Esta tensión institucional no se reduce al campo económico. La Corte Suprema también quedó en el centro de la escena por su reciente decisión de responsabilizar directamente a las plataformas digitales por contenidos ilegales graves, como discursos de odio y ataques a la democracia, sin necesidad de orden judicial previa. La medida, celebrada por amplios sectores democráticos, fue duramente criticada por figuras de la extrema derecha local e internacional
Pero el pico de las tensiones llegó con la decisión de Donald Trump de imponer aranceles del 50% a las importaciones brasileñas, que ha desatado una ola de indignación en Brasil y ha tensado aún más las relaciones bilaterales.

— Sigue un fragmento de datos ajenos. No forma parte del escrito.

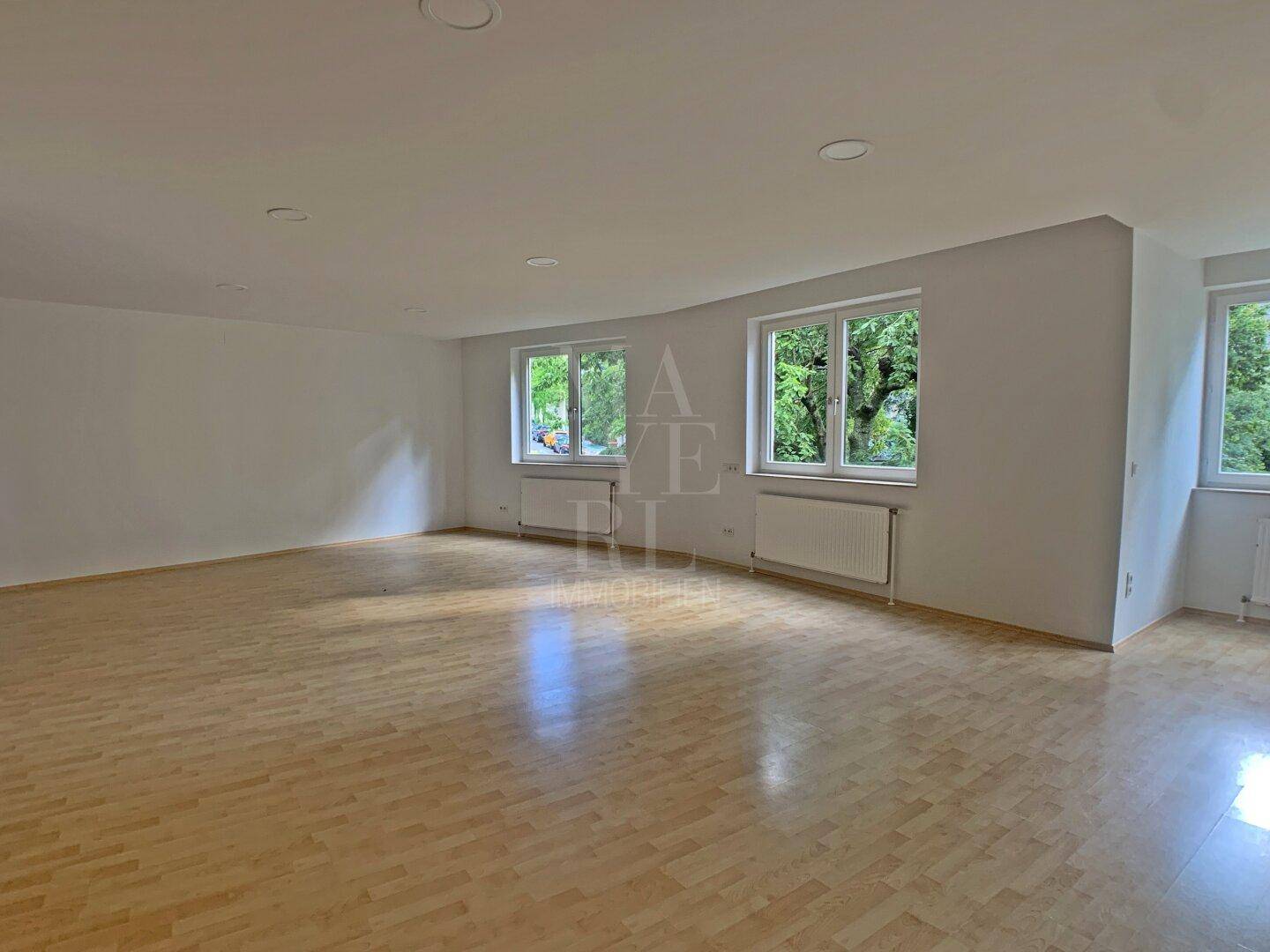 Lichtdurchflutetes Wohnzimmer mit mehreren Fenstern, hellem Parkettboden und Blick ins Grüne.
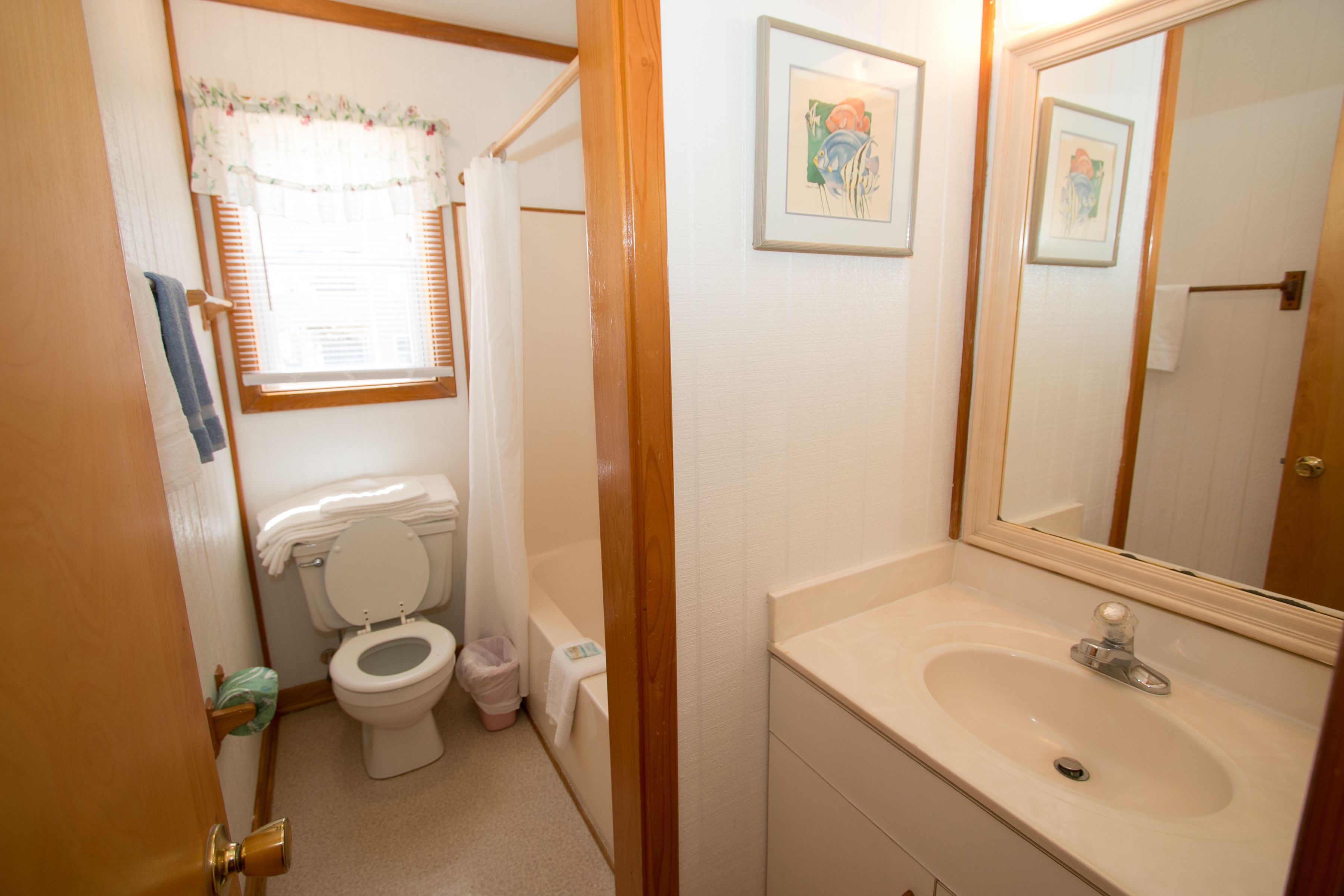 A bathroom with a toilet, sink, and shower.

A diferencia de otras medidas arancelarias justificadas en términos de “seguridad nacional” o déficits comerciales, esta decisión tiene un trasfondo abiertamente político: Trump busca presionar al Brasil para frenar el proceso judicial contra Jair Bolsonaro, acusado de liderar un intento de golpe de Estado en 2023.
En su plataforma Truth Social, el expresidente estadounidense calificó el juicio como una “caza de brujas” y exigió que “dejen en paz a Bolsonaro”. Lula respondió con contundencia, subrayando que Brasil es un país soberano con un sistema judicial independiente, y advirtió que cualquier incremento unilateral de aranceles será replicado aplicando el principio de reciprocidad. Analistas brasileños anticipan que la maniobra de Trump tendrá un efecto contraproducente, pues ha despertado un fuerte sentimiento nacionalista que podría llevar incluso a sectores conservadores a cerrar filas en torno a Lula frente a lo que consideran una injerencia inadmisible en los asuntos internos del país. Mientras tanto, Bolsonaro celebra el respaldo de Trump, en un gesto que, paradójicamente, podría acelerar su pérdida de peso en la representación política brasileña.
Los vínculos entre el trumpismo y el bolsonarismo, que se manifiestan no solo en afinidades ideológicas, organizadas políticamente en la CPAC, la poderosa Conferencia Política de Acción Conservadora, que oficia como verdadera plataforma de coordinación del proyecto estratégico neocosnervador, a una escala planetaria.
En este contexto, la política exterior brasileña -que promueve una mayor vinculación con China y América del Sur- se convierte en blanco de ataques por parte de sectores del poder estadounidense neoconservador que ve en Lula una amenaza a la arquitectura unipolar heredada de la posguerra fría.
El conflicto no se limita a las declaraciones cruzadas. Eduardo Bolsonaro, hijo del expresidente y operador político desde el exilio, mantiene reuniones con dirigentes trumpistas, y lobbies sionistas y conservadores en Washington, para presionar por medidas coercitivas contra las autoridades brasileñas.
La defensa de la soberanía brasileña frente a las presiones externas no es un acto aislado ni un gesto simbólico: es parte de una disputa más profunda por el sentido de la democracia y el lugar de América del Sur en el orden mundial. En un escenario de transiciones geopolíticas, donde Estados Unidos reconfigura sus formas de intervención a través del lawfare, las redes digitales y los aliados locales, el proyecto que encarna Lula combina una reafirmación institucional con una apuesta integradora.
En este marco, la soberanía no se define sólo como autonomía territorial, sino como capacidad de decisión colectiva a escala regional, control estratégico de los recursos y construcción de consensos democráticos que escapen a la lógica extorsiva de las potencias. Frente a la fragmentación inducida y la subordinación funcional, la integración regional emerge no sólo como horizonte económico, sino como garantía de defensa democrática y de proyección internacional compartida.